C‘est pourquoi toutes les interprétations évolutives de 1968 induisent en erreur. Rien n’y a commencé qui n’existait déjà auparavant. Pas plus la révolution sexuelle que la démocratisation de la société, et en particulier la confrontation avec Auschwitz. Le Report Kinsey était paru bien plus tôt,  l’enseignement de la démocratie sociale se trouvait en Europe sur les bureaux des partis sociaux-démocrates et le procès Eichmann avait eu lieu à Jérusalem. La recherche d’une tendance sociale et historique, qui s’exprime en 1968, ne cache que le mélange fait de mélancolie et de nostalgie, de réflexion radicale et d’élan rebelle, de dadaïsme politique et de tentatives d’évasion existentielles   qui étaient caractéristiques pour la brèche de 1968. Les manifestants de 68 croyaient-ils en leurs mythes ? Lorsque, dans la rue ils criaient « Quand on couche deux fois avec la même personne on fait déjà partie de l’establishment » : oui ; lorsque, le soir, minces silhouettes habillées de pantalons à pattes d’eph et de vestes à franges, ils rentraient à la maison : non. Le paradoxe est que la droite militante actuelle accuse 1968 de quelque chose qu’elle revendique elle-même. A savoir entrer dans l’histoire en opposant la prétendue apocalypse à une autre apocalypse, afin d’établir un nouvel ordre à partir de ce chaos.
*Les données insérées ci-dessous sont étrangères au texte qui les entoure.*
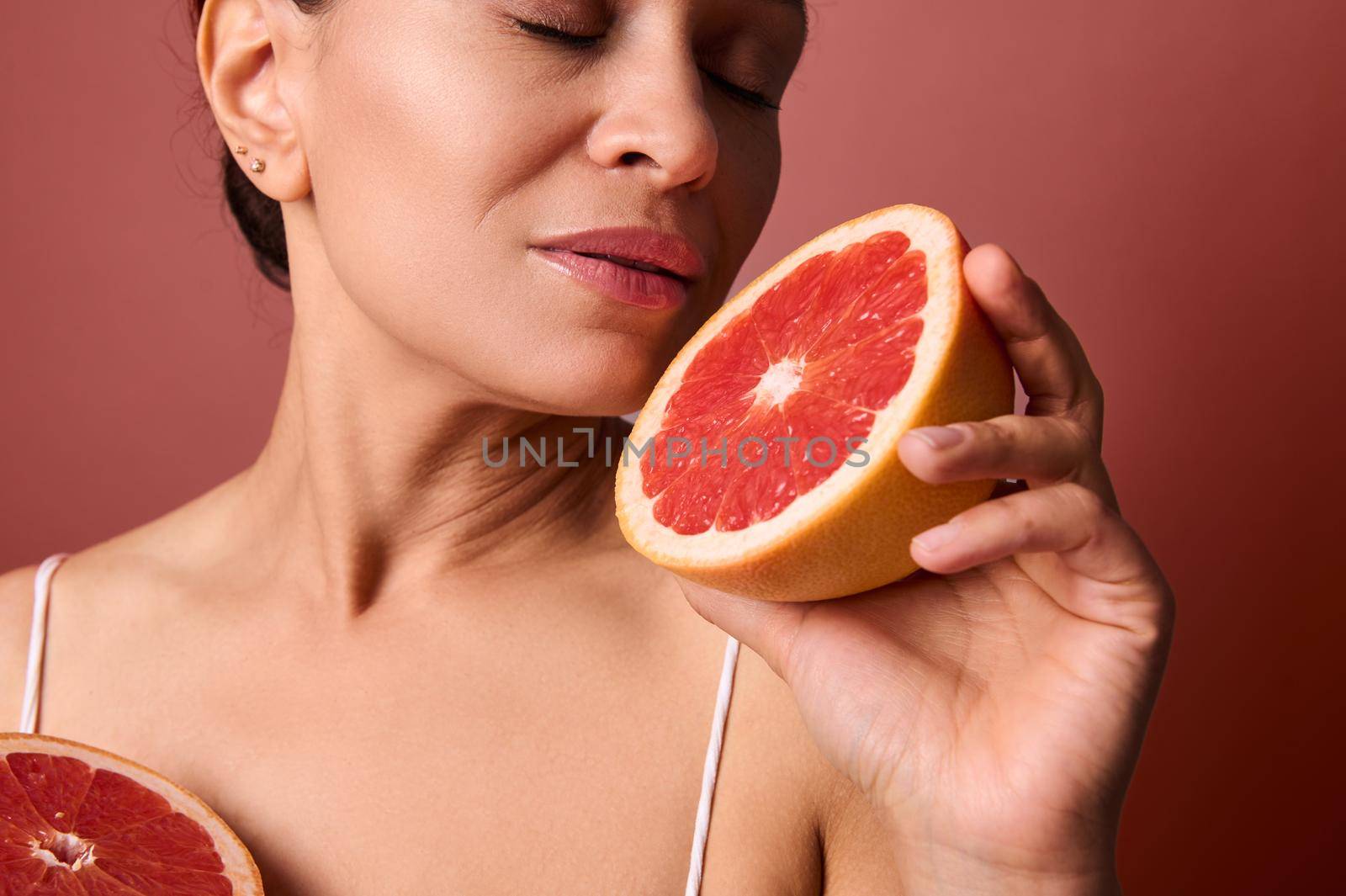 Close-up of middle aged beautiful woman with healthy glow perfect smooth skin holding grapefruit halves near her face. Natural cosmetics, skin care, wellness, beauty treatment, cosmetology concept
Mais, aujourd’hui, une jeune gauche cherche des connexions avec 1968. Pendant un certain temps, on a eu en effet l’impression que Occupy Wall Street, les Indignados en Espagne ou Syriza en Grèce représentaient un nouveau mouvement de 1968. Il faut pourtant faire une nette différence. Pour les manifestants de 68 il s’agissait de libéralisation ; pour la gauche actuelle, anti-raciste, postcoloniale et qui n’est plus impériale, il s’agit d’équité. Ce n’est pas la même chose. La demande de justice veut élargir et approfondir les droits ; le souhait de libéralisation veut mettre tout en mouvement. L’héritage de 68 consiste en un étonnement que, il y a cinquante ans, pour une courte période, cela a réussi à partir d’une folle impulsion.
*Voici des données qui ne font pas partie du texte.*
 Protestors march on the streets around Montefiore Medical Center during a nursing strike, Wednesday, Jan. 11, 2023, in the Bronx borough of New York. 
Heinz Bude, professeur de sociologie à l’université de Kassel
Heinz Bude, professeur de sociologie à l’université de Kassel © dpa

Le sociologue Heinz Bude a dirigé la section « La société de la République fédérale » à l’Institut de recherche sociale à Hambourg de 1997 à 2015 . Depuis 2000, il occupe la chaire de macrosociologie à l’université de Kassel. Son livre « Adorno für Ruinenkinder. Eine Geschichte von 1968 » (Adorno pour les enfants des ruines. Une histoire de 1968) est paru en janvier 2018.